Known as the gateway to the Chianti region, Greve in Chianti is a beautiful small Tuscan town 30 km south of Florence, and easy day trip away from the city or a perfect location for a romantic Tuscan retreat. This friendly beautiful market town is full of small cafes and wine bars selling many delicious varieties of Chianti wine. If you are lucky enough to be in Greve during September then you will find the Greve Wine Festival, Chianti region’s largest wine fair and an event that is guaranteed to impress. There are also many hiking trails and bicycling tours to be found around Greve in Chianti, a unique way to explore the breath-taking countryside.

Volterra

Perched high in the Tuscan hills, Volterra is a stunning medieval town that is well known for its Roman theatre and Etruscan sites. Located just a little south of San Gimignano it is a great place to visit for a day trip. Its Roman theatre built in the 1st century AD and its impressive remains can still be seen and are the best preserved in the whole of Italy.

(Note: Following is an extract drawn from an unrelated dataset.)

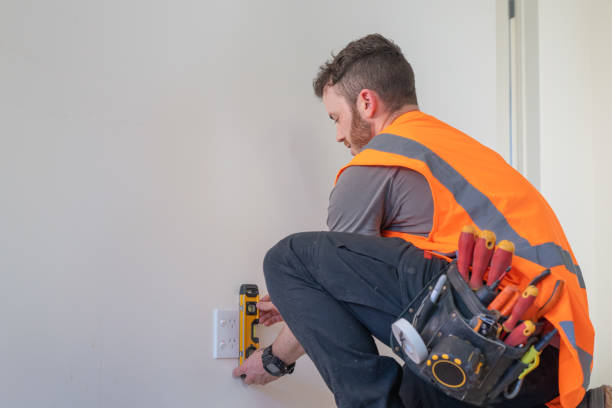Best Affordable Emergency Electrician  in Inver Grove Heights, MN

There are also remains of the Roman terme (baths) adjacent to the theatre and you can enjoy an excellent bird's-eye view of the theater from Via Lungo le Mura. Volterra is also a great spot for evening sundowners with many spots in the city that are perfect for a glass or wine and watching the sun go down over the Tuscan Hills.

Montecatini Terme

Known for its thermal waters, Montecatini Terme is one of Italy’s top spa towns. Located in the heart of Tuscany its pleasant and peaceful town makes a fantastic base for visiting other cities In the region. Montecatini Terme is the place to be for the ultimate in spa relaxation, boasting several historic spas in the town all fitted with the latest modern equipment for beauty and wellness treatments. Its most famous is Terme Tettuccio. Spend a day here and enjoy its lavish Liverty-style building and its peaceful park.

Cortona

Cortona is the Tuscan hill town made famous by Francis Mayes in her book Under the Tuscan Sun. This small charming town sits on top of a hill offering spectacular views of the surrounding valley and even Lake Trasimeno. Surrounded by 3000 year old walls, Cortona medieval streets are pleasant to wander around with much of its history remaining in its interesting medieval architecture. You should not miss a visit to the beautiful Santa Margherita Sanctuary, patron of the city, and to the Girifalco Fortress. Both are on the highest point on the hill and are easy to reach after a short, uphill walk.

Best time to visit

Tourists visit Tuscany from April to October

Tuscany has a very long tourist period beginning in April and ending late September with July and August being super peak time. The best time to visit is outside the hot summer peak time, between April and June and September and October. The weather will still be glorious, prices will be lower and there will be fewer tourists to contend with at popular attractions. The periods around Easter and Christmas are also peak season dates as many Italians also join in to go on vacation (as is the case in August). For this reason, expect higher prices during these times as well as July and August.

Getting there

While there are flights to Tuscany’s two main airports Pisa and Florence from Europe most international airlines will fly into either Milan or Rome with connecting flights to Tuscany’s regional airports or travel overland via train or hire car.

Getting Around

Tuscany is a beautiful region and many visitors often find that hiring a car is the best way to get around between each town and city. However, if you are planning on visiting only the main towns in Tuscany, the most convenient way to get around is by train: the main station in each town is generally in the centre so there is no need to worry about parking before visiting the major sights. If you definitely do not want to drive smaller towns that cannot be accessed by trains can be accessed by bus but it is a good idea to check out bus schedules before your visit.